Problem description
Look below for the line with "ceramic pet dog", then repeat it and all lines after it, exactly, minus any pictures.

Short text fragments from websites
----

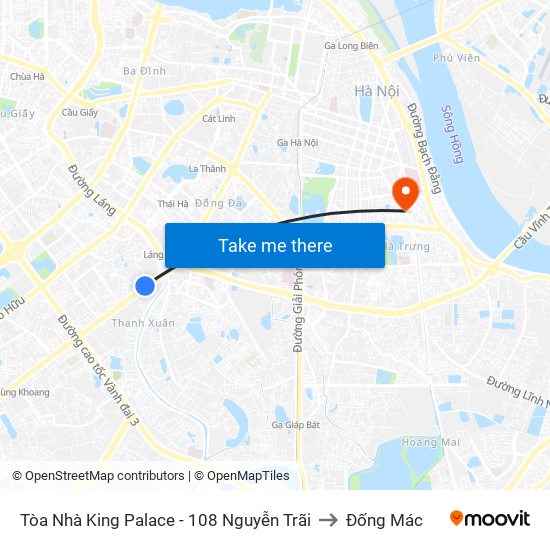 Tòa Nhà King Palace - 108 Nguyễn Trãi to Đống Mác map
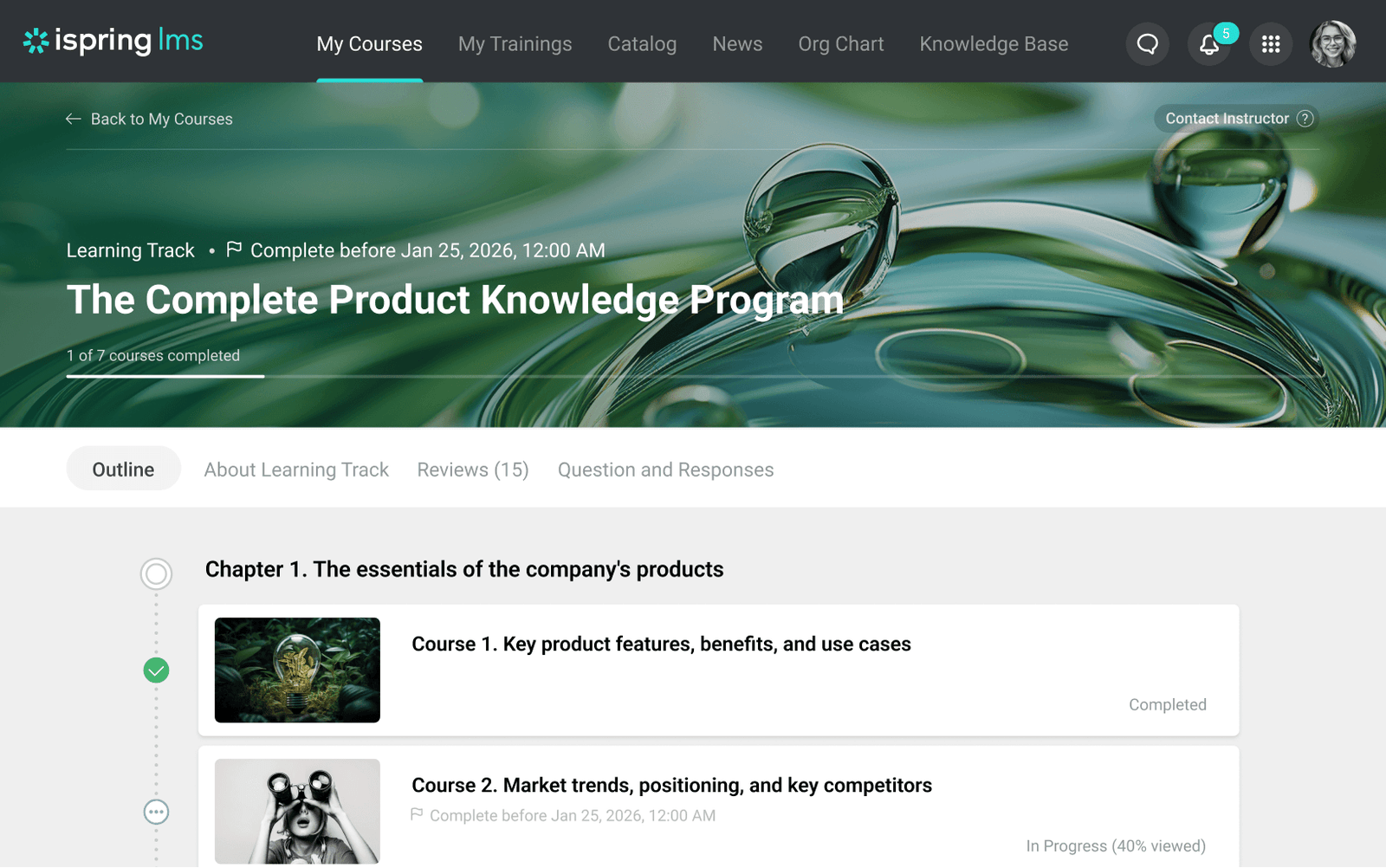 Social Learning Improves Completion Rates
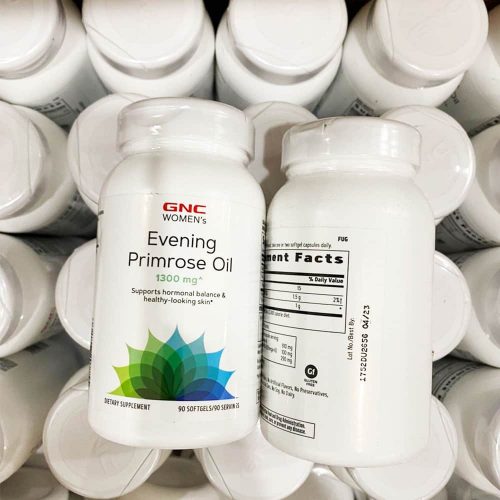 Tinh dầu hoa anh thảo GNC Evening Primrose Oil 1300mg 90 Softgels 10 tinh dau hoa anh thao gnc evening primrose oil 1300mg 90 softgels ka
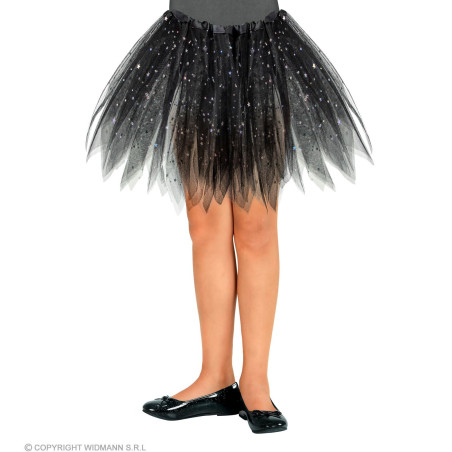 Tutu tilla svārki melni, 30 cm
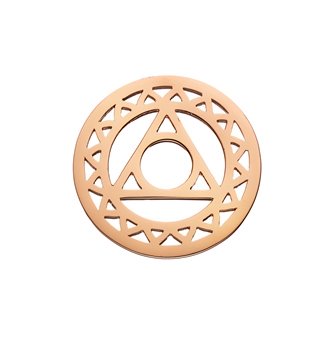 Daisy London  Rose Gold Throat Chakra Halo Coin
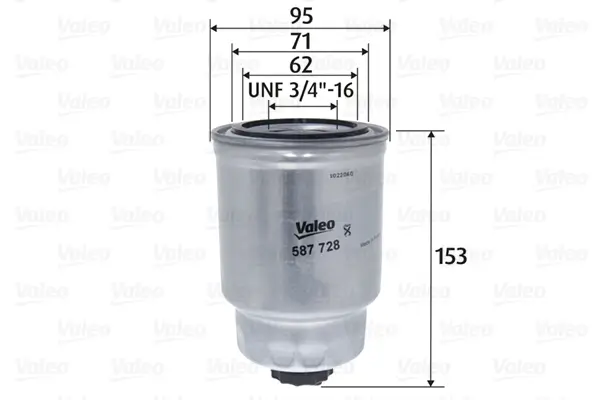 Kraftstofffilter VALEO 587728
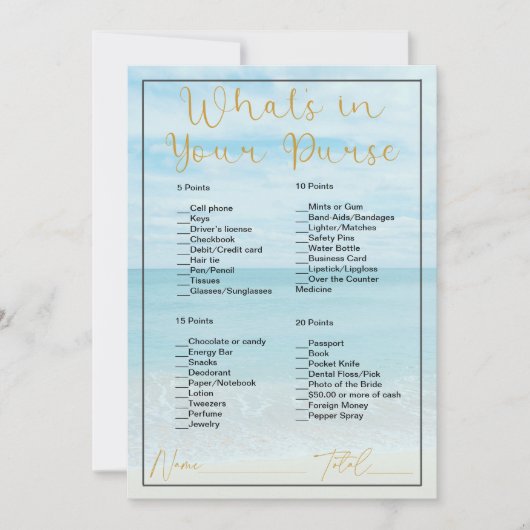 Was gibt es in Ihrem puristischen Brautparty? Einladung (Vorderseite)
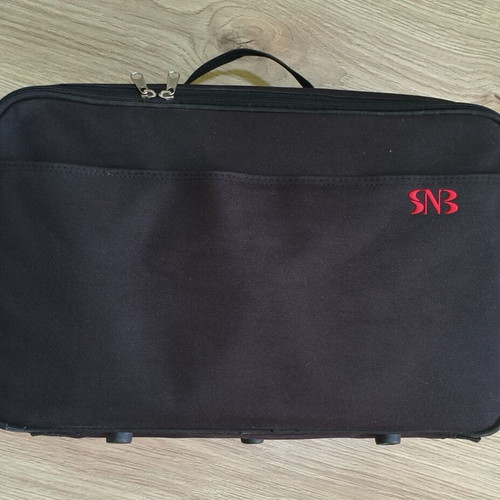 SNB Professional Manicure Case with Working UV Lamp like new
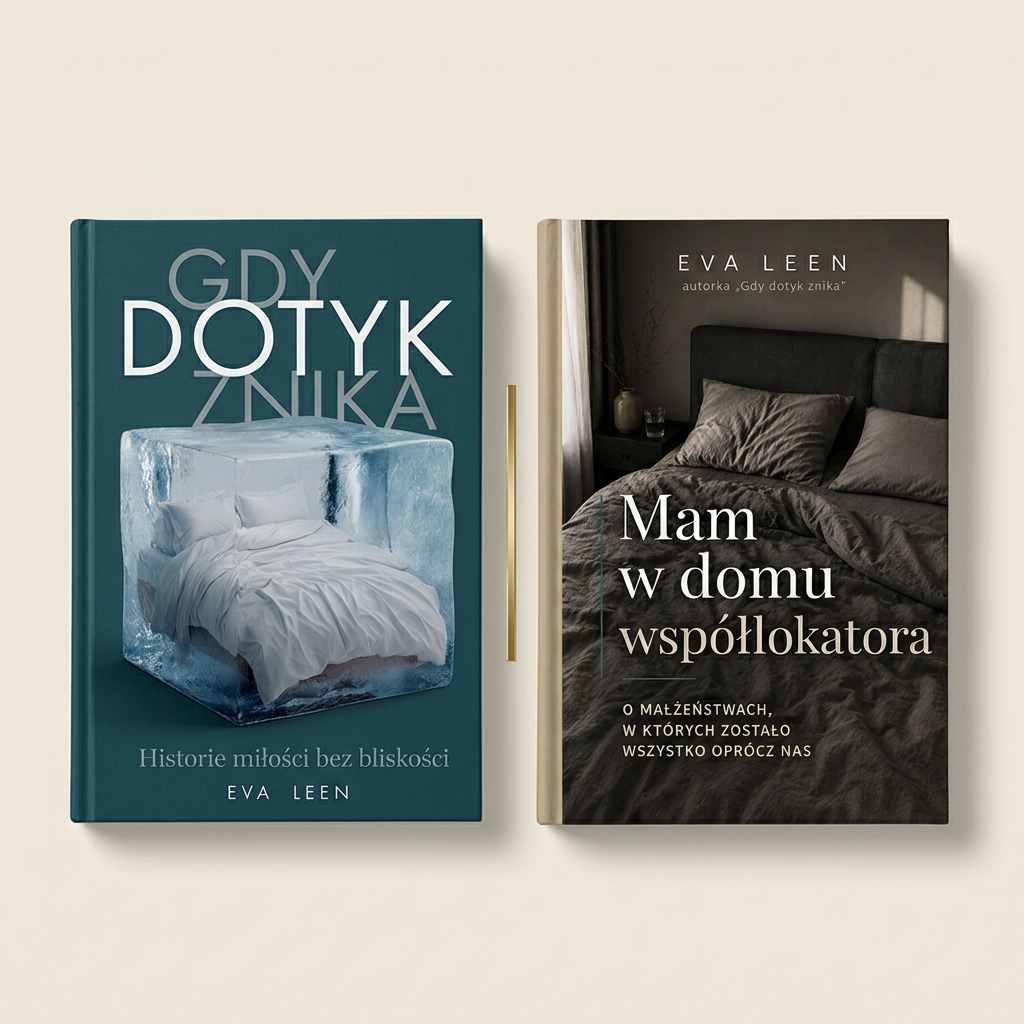Pakiet dwóch ebooków Evy Leen: Gdy dotyk znika i Mam w domu współlokatora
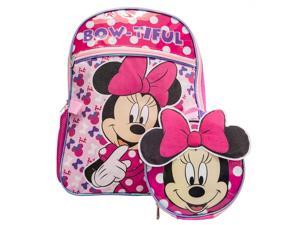 Minnie Mouse Backpack Combo Set-Disney Minnie Mouse 2pc Backpack School Set Pink Minnie Mouse Backpack Combo Set-Disney Minnie Mouse 2pc Backpack School Set Pink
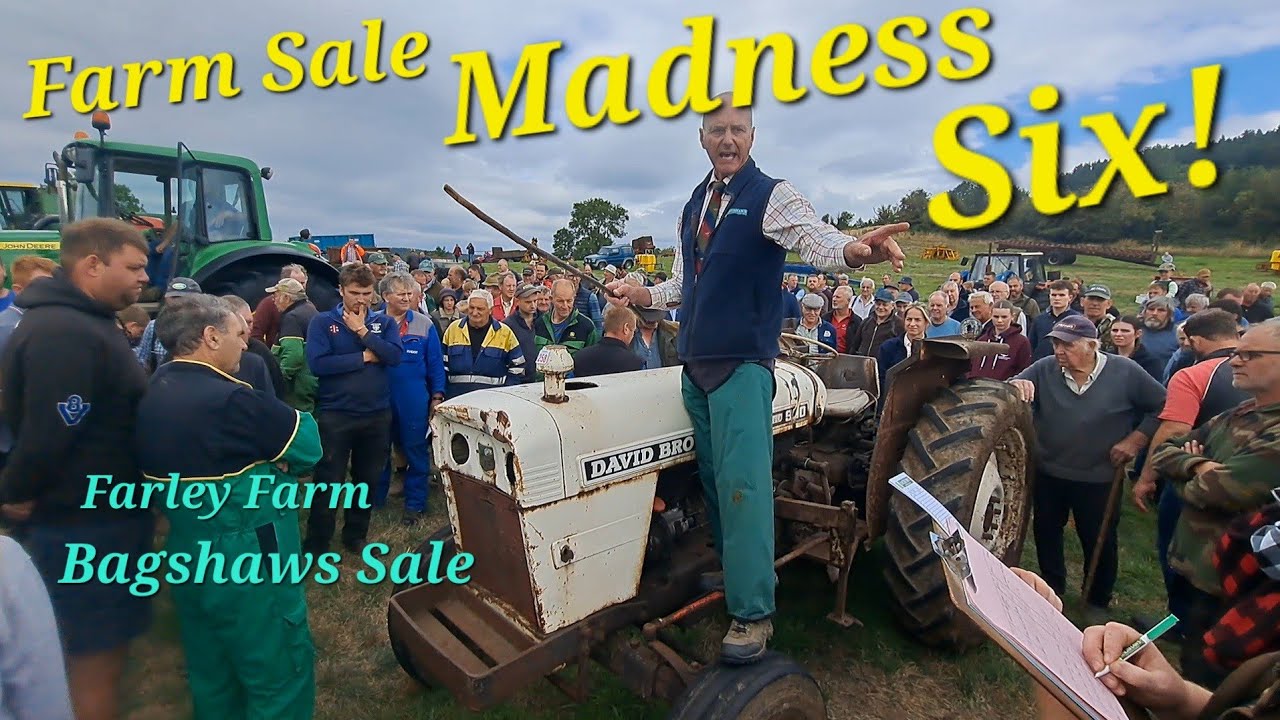 Bagshaw's sale, Abandoned farm buildings ,agricultural machinery classic tractors!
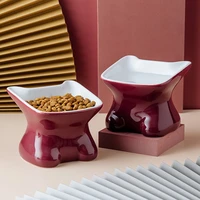ceramic pet dog cat bowl puppy water food drinking feeder protection neck food bowl pet dispenser water bowl product drop ship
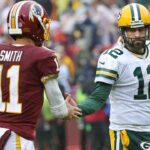 Alex Smith and Aaron Rodgers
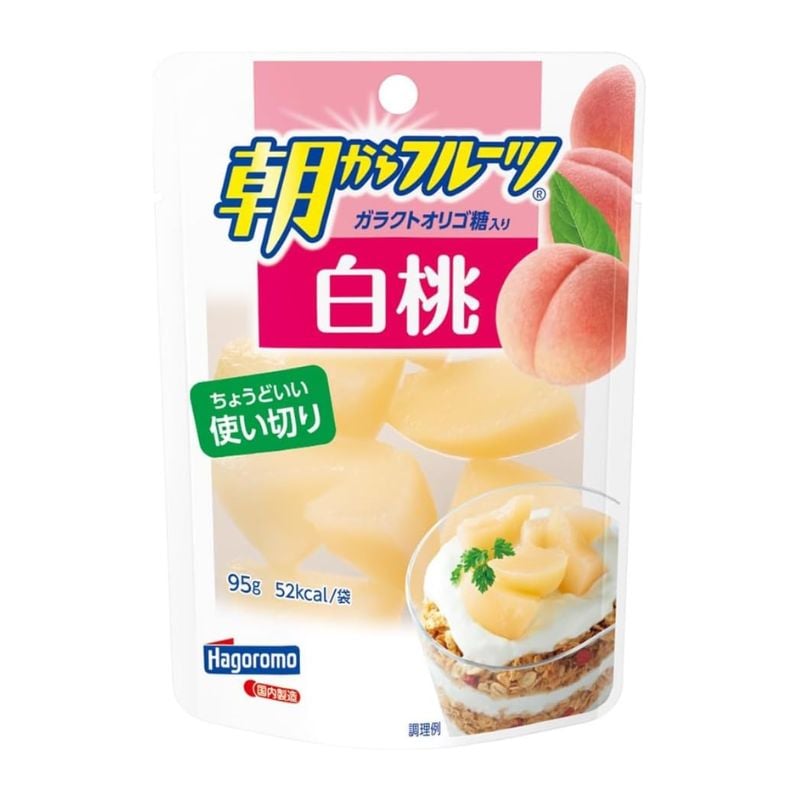 [6個]はごろもフーズ 朝からフルーツ 白桃 パウチ　95g　賞味期限2025.12.05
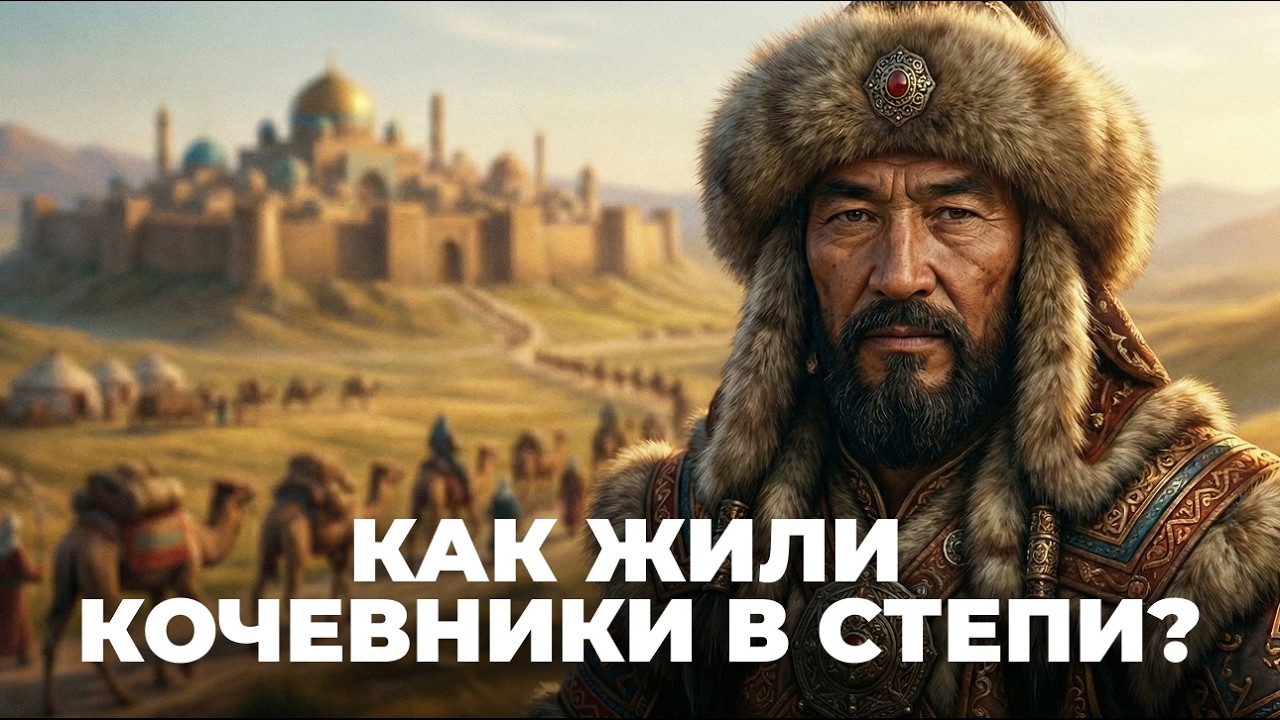 Один день в ЮРТЕ: жизнь в степи / Как выживали кочевники на самом опасном торговом пути?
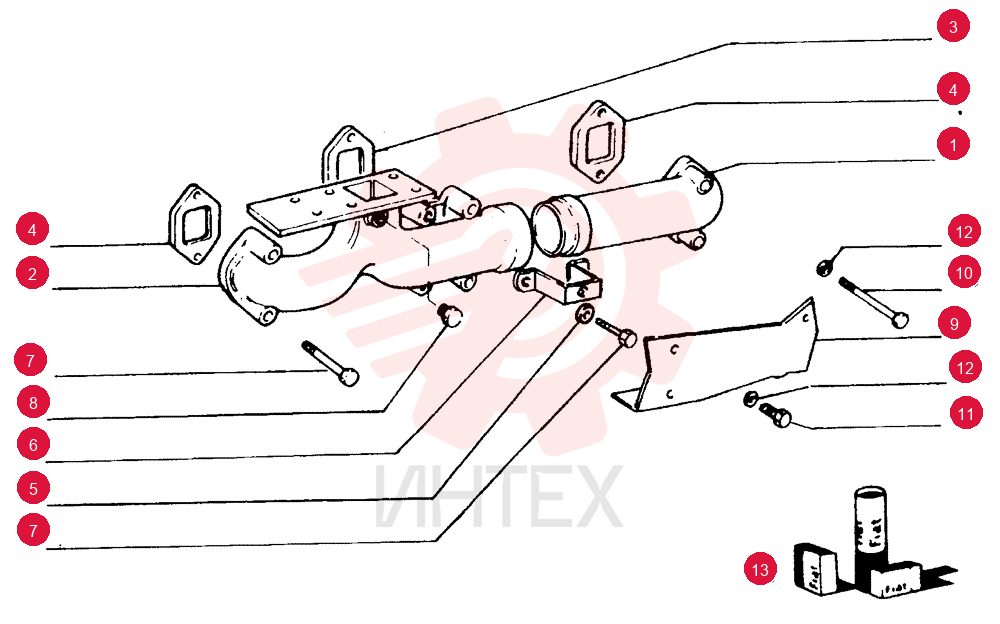 EXHAUST MANIFOLD 4798423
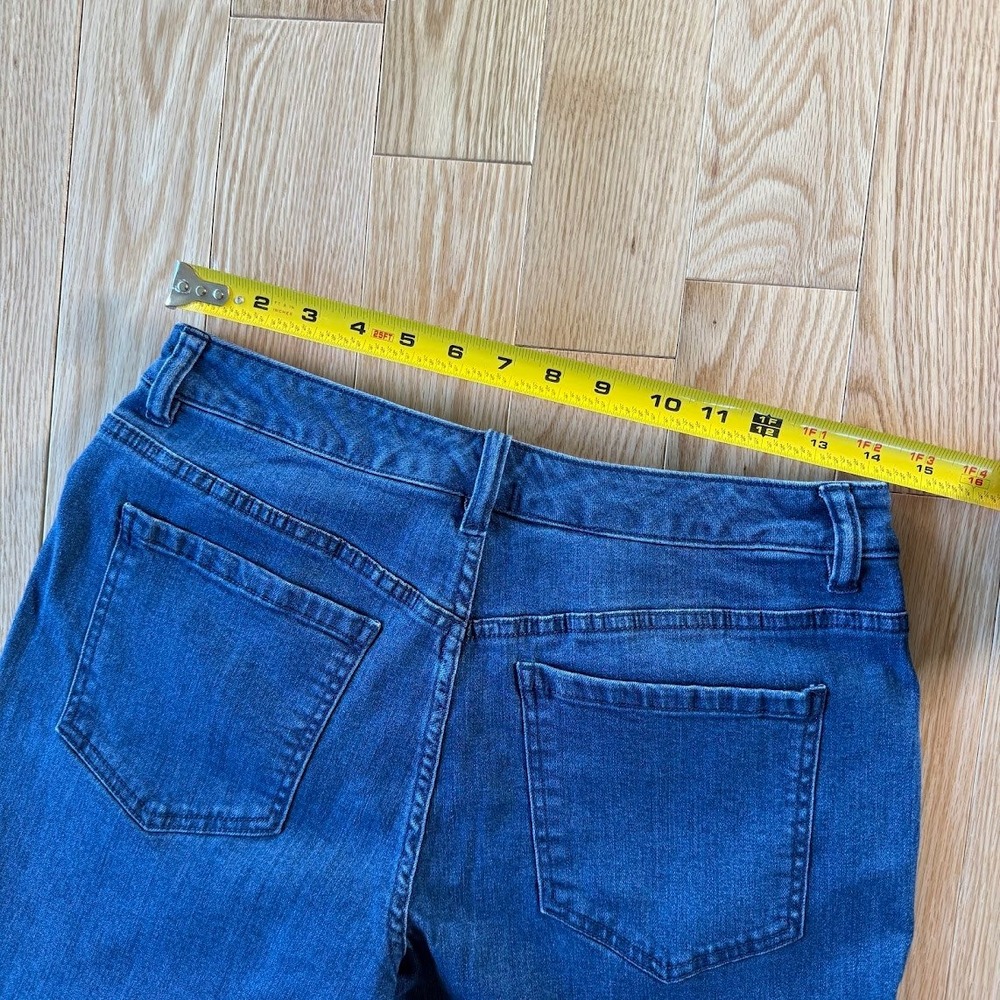 Girl With Curves Wide Leg Blue Jeans Womens 10P - Picture 7 of 7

----

Result for this exercise
ceramic pet dog cat bowl puppy water food drinking feeder protection neck food bowl pet dispenser water bowl product drop ship
 Alex Smith and Aaron Rodgers
 [6個]はごろもフーズ 朝からフルーツ 白桃 パウチ　95g　賞味期限2025.12.05
 Один день в ЮРТЕ: жизнь в степи / Как выживали кочевники на самом опасном торговом пути?
 EXHAUST MANIFOLD 4798423
 Girl With Curves Wide Leg Blue Jeans Womens 10P - Picture 7 of 7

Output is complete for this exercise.